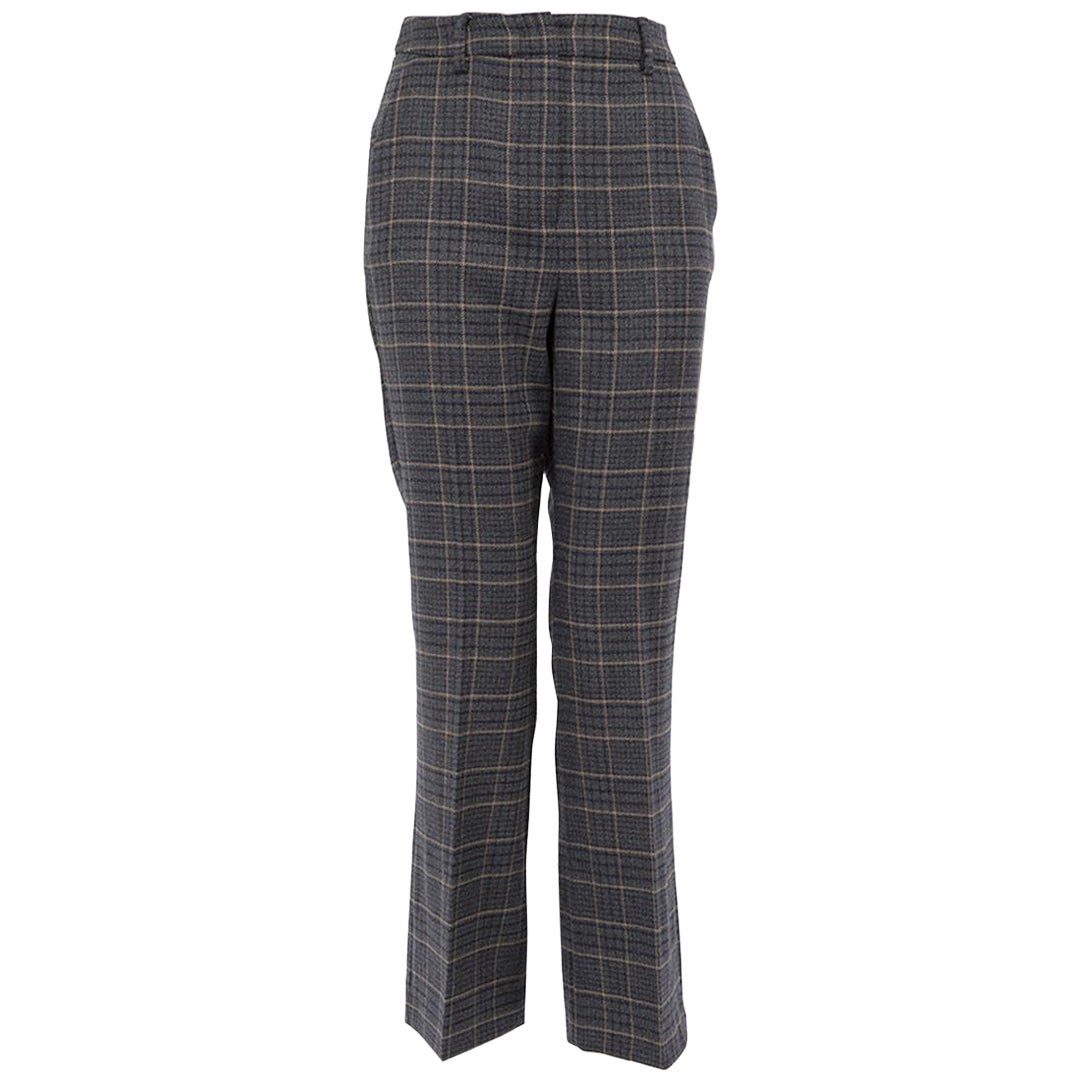 Max Mara Weekend Max Mara Grey Wool Checkered Trousers Size S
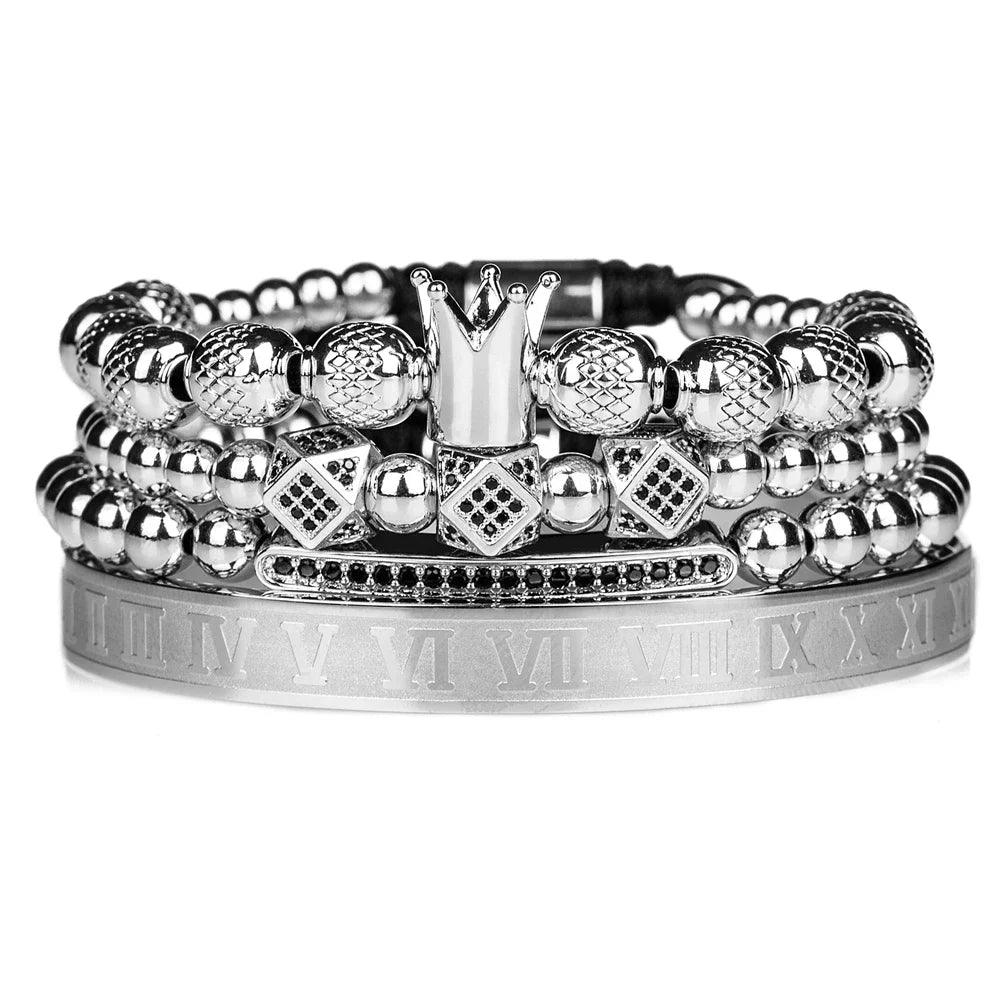 3pcs/set Luxury Set Trendy customized Bracelets wholesale Men Jewelry Bracelets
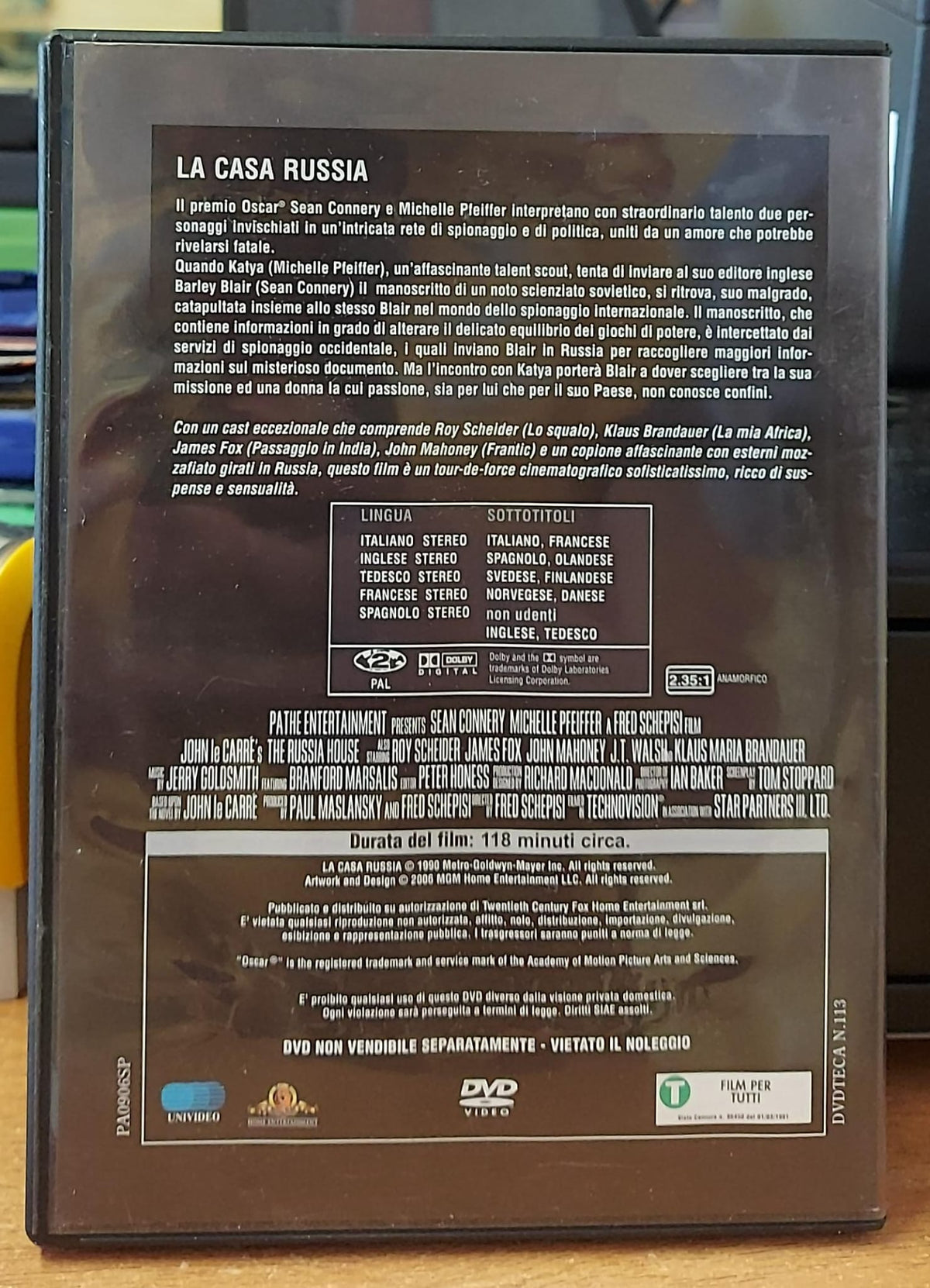 La Casa Russia DVD – Copertina retro
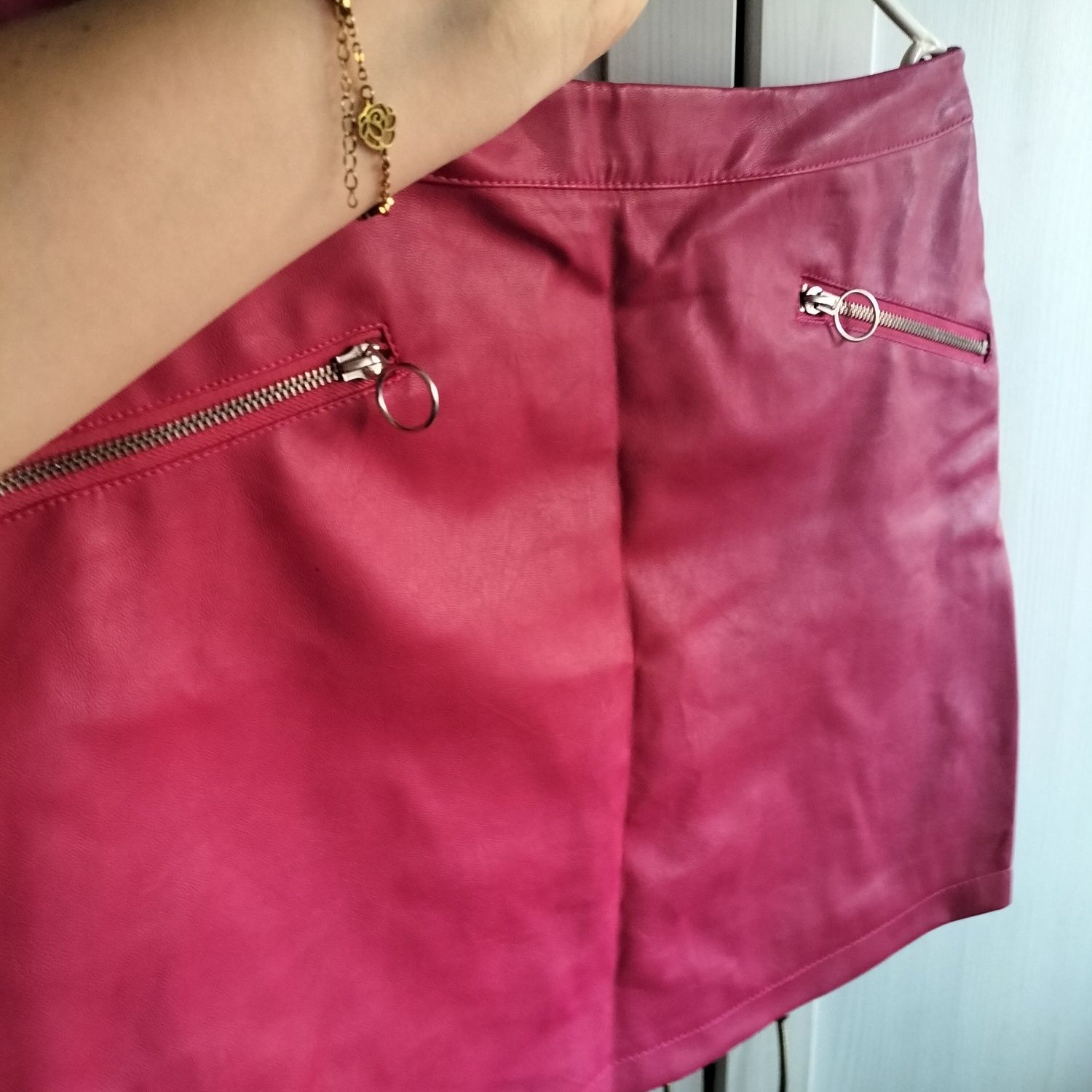 Skórzana spódnica mini spódniczka Primark XL eko skóra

■ ■ ■ ■

■ YOUR INSTRUCTIONS:
Return the listing above in full and without alteration, excluding its pictures.

■ SOLUTION TO THIS EXERCISE:
 Max Mara Weekend Max Mara Grey Wool Checkered Trousers Size S
 3pcs/set Luxury Set Trendy customized Bracelets wholesale Men Jewelry Bracelets
 La Casa Russia DVD – Copertina retro
 Skórzana spódnica mini spódniczka Primark XL eko skóra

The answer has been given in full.